Finding Fulfillment in the Shadows: One Woman’s Journey to Self-Acceptance Through Kink
For years, Sarah felt like a puzzle with missing pieces. Her relationships felt incomplete, her desires unspoken. Then, she stumbled upon a world hidden in plain sight – the world of BDSM.
“It was there that I learned about myriad things I had never encountered, like praise kinks and orgasm control and DDlg (Daddy Dom/little girl),” Sarah says.”Thus began my journey toward self-acceptance, the path that eventually led me to meet my partner, who was on a similar journey, having recently divorced his wife after deciding he wasn’t up for a lifetime of denying his sexual desires.”
While Sarah and her partner have found solace and fulfillment in their dynamic, navigating societal perceptions remains a challenge.
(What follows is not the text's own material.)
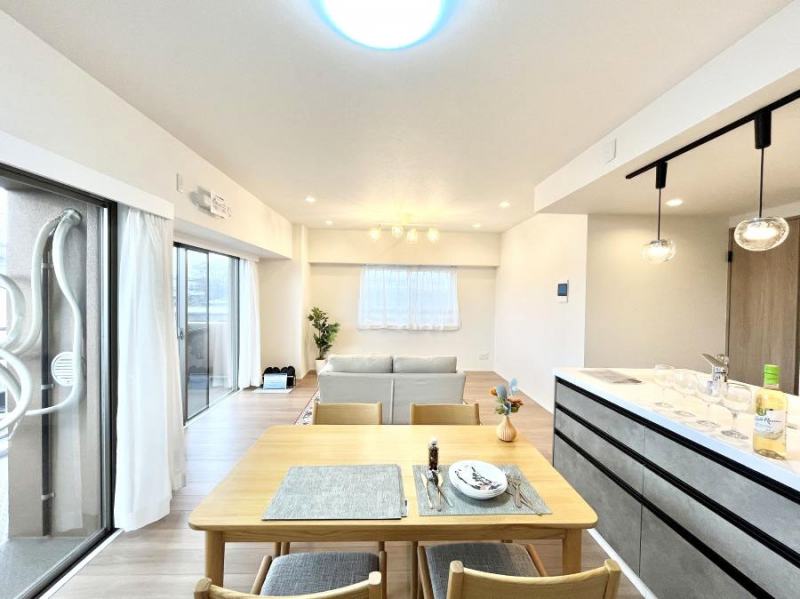 ���̑����ρ@�Ƒ������R�ƏW�܂�e���̃X�y�[�X�ɂȂ肻��  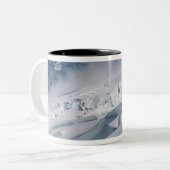 タスマン氷河の登山家山 ツートーンマグカップ (正面左)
“Of course, as much as my partner and I may have accepted ourselves, the true nature of our relationship is not exactly something we can flaunt in polite society,” Sarah admits. “some of my closest friends know I’m ‘kinky’ or ‘into BDSM,’ but I’m sure they imagine me at a dungeon wearing a leather bikini and being flogged (or flogging someone else) on a St. Andrew’s cross, not the tamer reality of me in a babydoll dress with my nose to the corner, hands folded behind my back, Daddy watching me from his armchair to make sure I don’t disobey.”
This power exchange, Sarah explains, is electrifying for both of them. It’s a dance of control and submission, where vulnerability and trust intertwine.
“The knowledge that I am a strong, autonomous woman, that I don’t have to do any of this, and yet I submit to his authority willingly,” she says. “Still, I’m sure some reading this will think I have some kind of Stockholm syndrome or have done crazy mental gymnastics to convince myself that my lifestyle isn’t anti-feminist. But the truth is I don’t really care what they think. I lived most of my life listening to society’s messages and feeling unhappy and unfulfilled.”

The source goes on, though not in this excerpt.